= Beginning of Section =

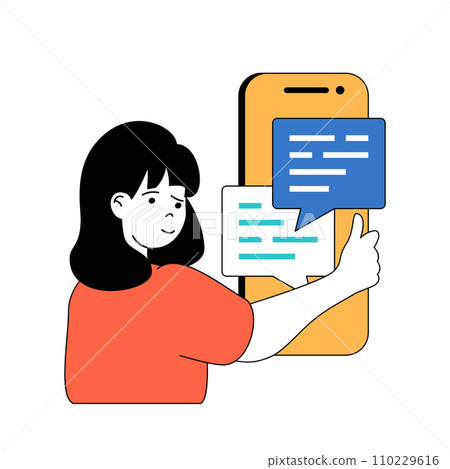 Social media concept with cartoon people in flat design for web. Woman sending messages and using online chat app for mobile app. Vector illustration for social media banner, marketing material. 110229616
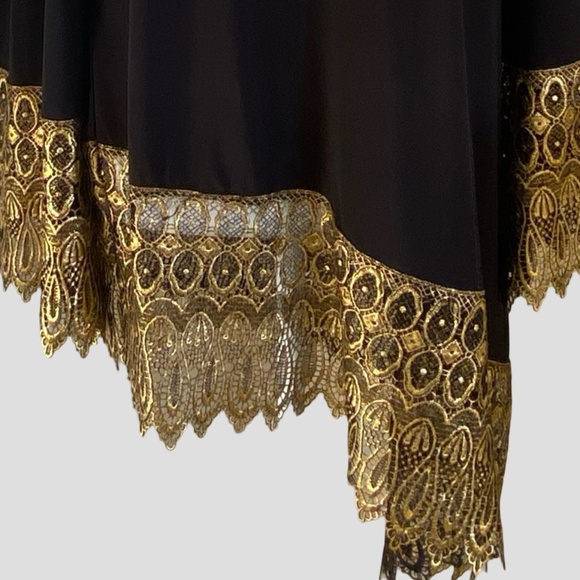 Tiana B. Vintage Black Gold Lace Stretch Holiday Party Festive Top- USA- Sz-L - Picture 2 of 13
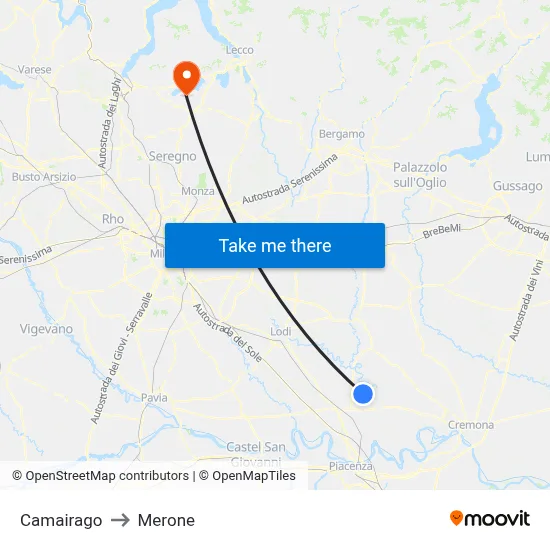 Camairago to Merone map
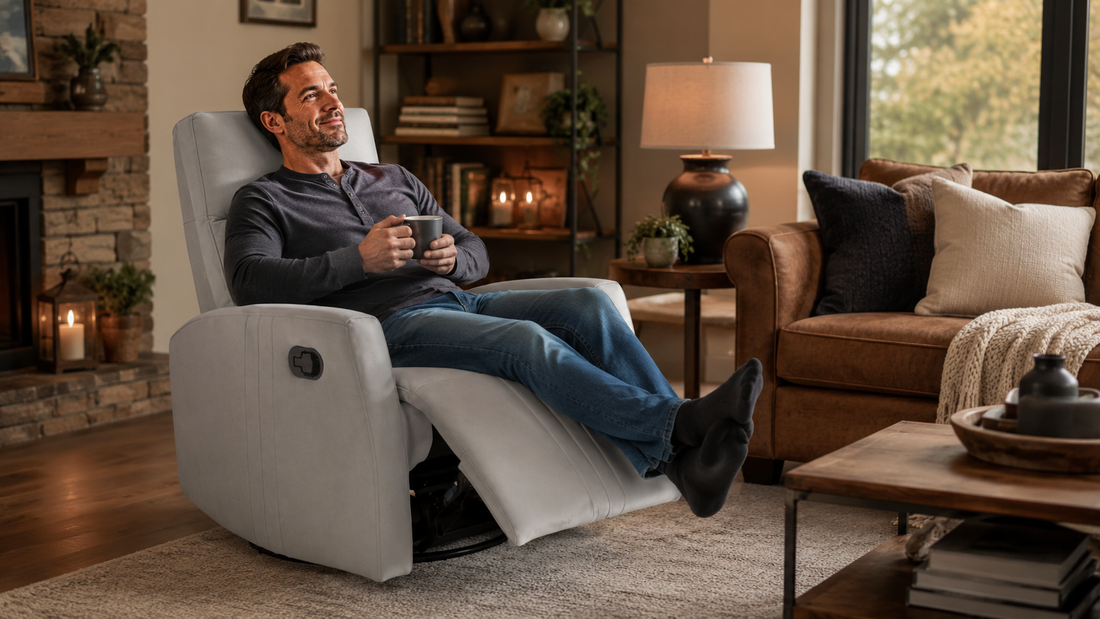 Gray power recliner in a modern living room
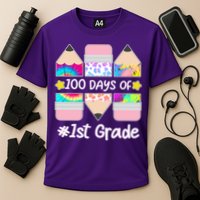 Cute Colorful 100 Days Of 1st Grade Performance Shirt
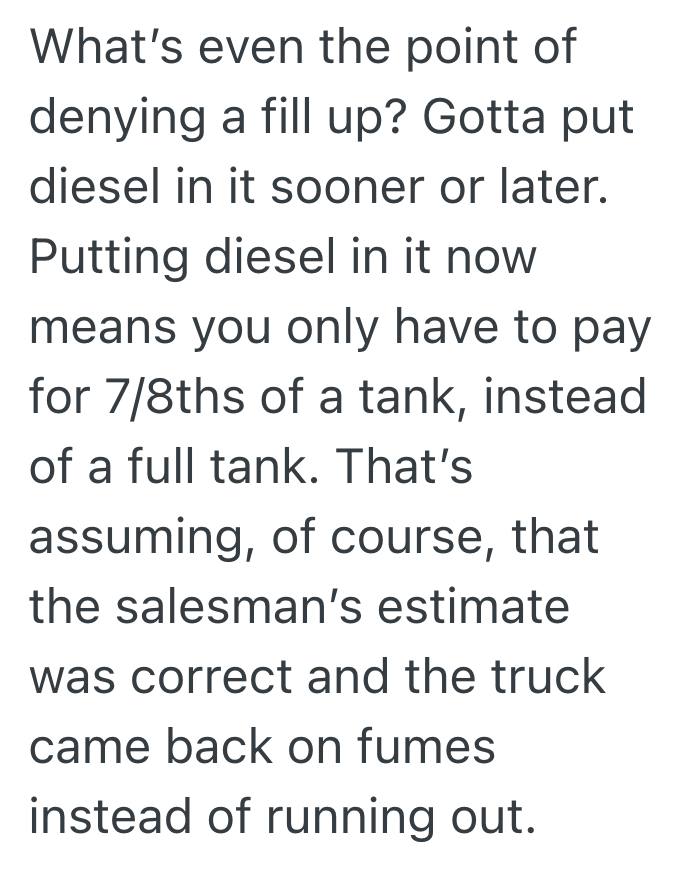 Screenshot 2025 11 10 at 12.53.36 PM Head Salesman Denied This Delivery Manager The Credit Card For Fuel, So He Did The Delivery With An Almost Empty Tank And The Company Truck Broke Down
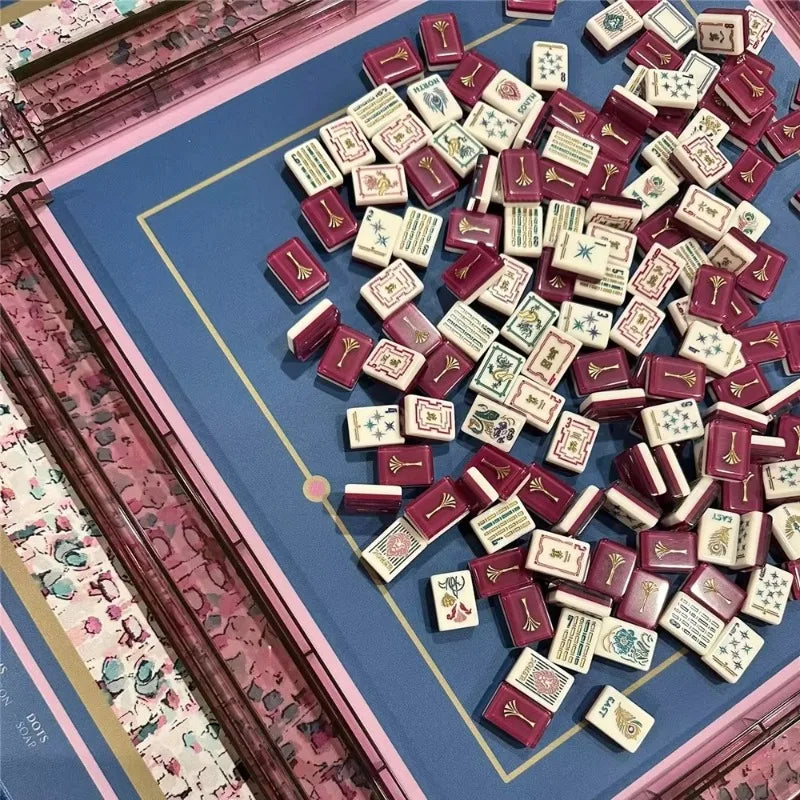 2026 Hot-Selling Acrylic Engraving American Mahjong Card Red Lake Blue Entertainment Board Game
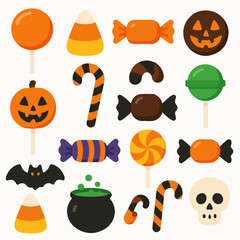 Halloween candy and spooky elements collection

= End of Section =

PROBLEM DETAILS:
From the line with "Cute Colorful 100" through the end of the listing, write out every line exactly, leaving out the pictures.

RESPONSE TO THE EXERCISE:
 Cute Colorful 100 Days Of 1st Grade Performance Shirt
 Screenshot 2025 11 10 at 12.53.36 PM Head Salesman Denied This Delivery Manager The Credit Card For Fuel, So He Did The Delivery With An Almost Empty Tank And The Company Truck Broke Down
 2026 Hot-Selling Acrylic Engraving American Mahjong Card Red Lake Blue Entertainment Board Game
 Halloween candy and spooky elements collection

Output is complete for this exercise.